A propos de mauvais soumis, j'ai appris que quelques serfs de mon cheptel m'ont mentie en prétextant des problèmes divers et variés qui les empêcheraient d'être à ma disposition pour le mois de juillet. Après quelques renseignements pris, la vérité est qu'ils ont en réalité prévu des congés. On ne prend pas de congés avec Maîtresse Trinity. C'est moi qui décide quand une personne dispose de quartiers libres ou non. Ces neuf individus seront sévèrement sanctionnés. Ces petits cerveaux n'ont visiblement pas compris que faire partie de mon cheptel signifie mettre au placard sa vie privée. Je ne suis pas un divertissernent pour cadres supérieurs déprimés. La punition sera donc particulièrement ignoble.

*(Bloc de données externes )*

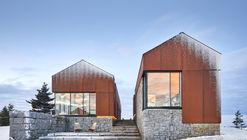 Casa Smith  / MacKay-Lyons Sweetapple Architects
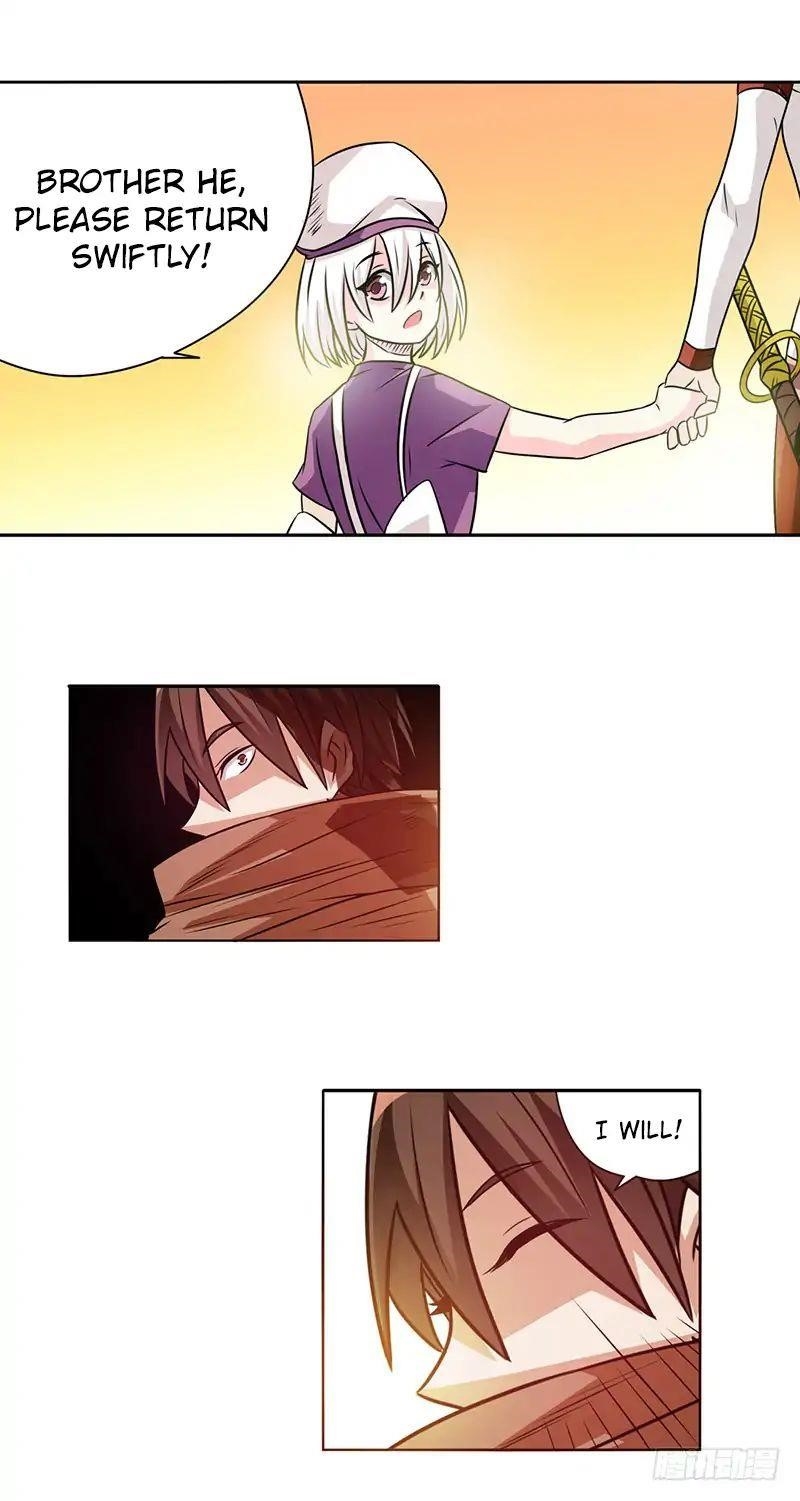 Because I’m An Uncle Who Runs A Weapon Shop Chapter 22 - Page 13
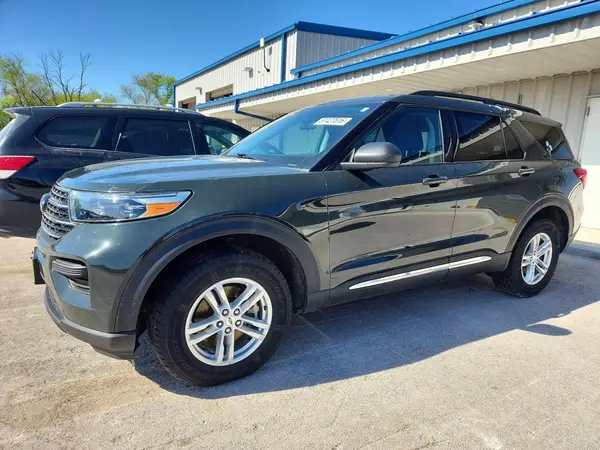 1FMSK8DHXNGB78381 2022 FORD EXPLORER - Image 1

Château Trinity sera ouvert à mes serviteurs réels à partir du 15 septembre 2008. Il est probable que je ferai faire un reportage photo ou vidéo afin de présenter l'endroit sur ce blog, même si laisser l'internaute moyen dans l'ignorance me tente beaucoup (après tout je ne suis redevable de rien et je ne ferais qu'alimenter les fantasmeurs...). Je déciderai plus tard.

A ce sujet, j'ai équipé la salle de tortures d'une guillotine et d'un gibet. Il s'agit d'une vraie guillotine en parfait état de marche, tout à fait somptueuse. Le bruit du couperet qui tombe est d'une grande sensualité et me donne énormément d'idées toutes plus infâmes les unes que les autres...

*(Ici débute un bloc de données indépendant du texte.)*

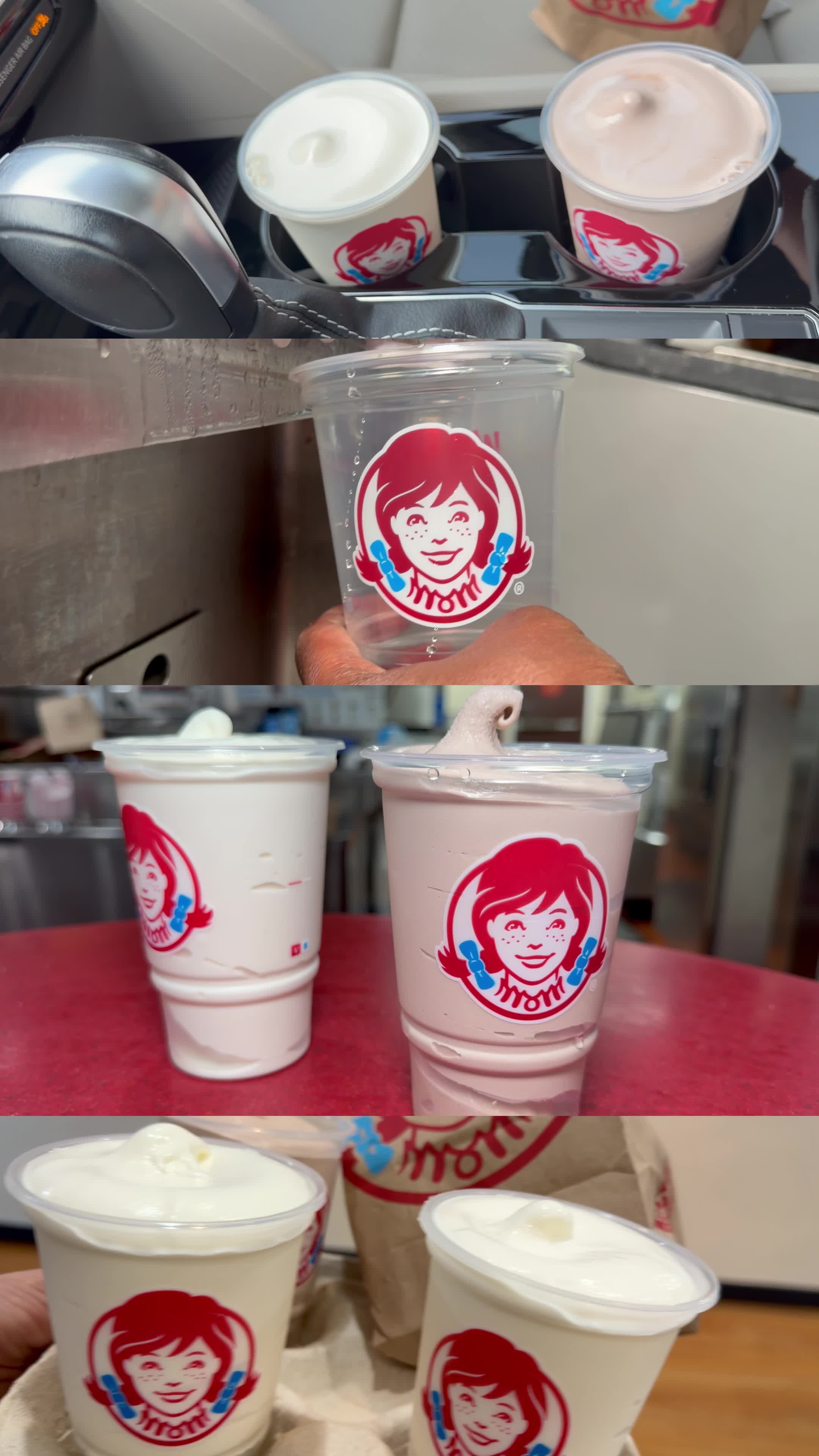 @Wendy’s Honduras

Quelques petits malins n'acceptent pas l'idée de passer par un formatage à distance avant de me rencontrer. Ils ont donc imaginé un plan afin de me subir plus rapidement en réel. Se faisant passer pour des dominatrices sur msn, ils se recommandent donc eux mêmes en expliquant que "leur soumis a besoin rapidement de terribles sanctions". Même à distance et sans image, il est facile de sentir si l'on a affaire à une femme ou non. N'importe quel individu pourvu d'un minimum de psychologie peut s'en rendre compte. Ces traquenards grossiers ne fonctionnent pas, il est donc inutile de persévérer.